Start with the line that holds "Odpovídající rukavice Muay". Please copy it and each remaining line below exactly, leaving pictures out.

Input data START

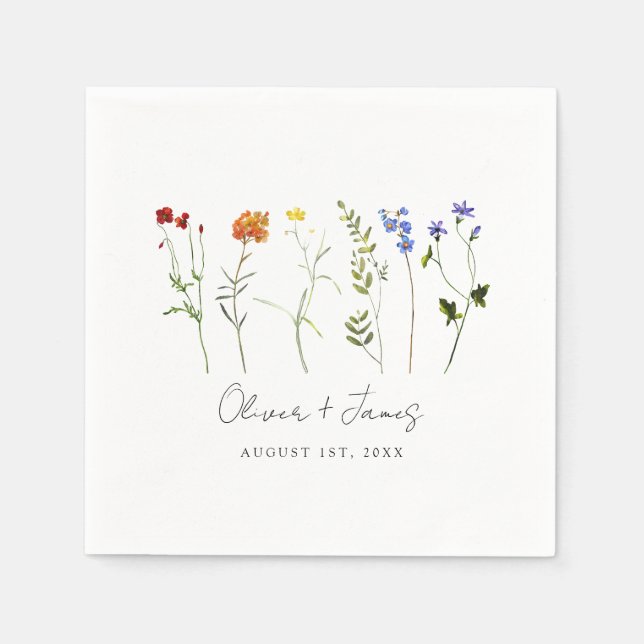 Serviette En Papier Fleur sauvage minimal LGBTQ Gay pride Floral Maria (Devant)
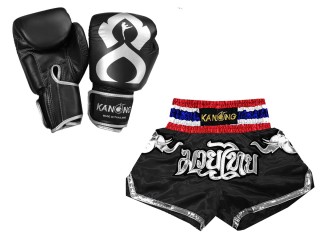 Odpovídající rukavice Muay Thai a šortky Muay Thai: Set-125-Gloves-Thaikick-Černá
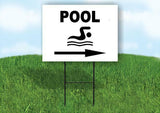 POOL RIGHT ARROW Yard Sign Road with Stand LAWN SIGN Single sided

Input data END

* _Result_
 Odpovídající rukavice Muay Thai a šortky Muay Thai: Set-125-Gloves-Thaikick-Černá
 POOL RIGHT ARROW Yard Sign Road with Stand LAWN SIGN Single sided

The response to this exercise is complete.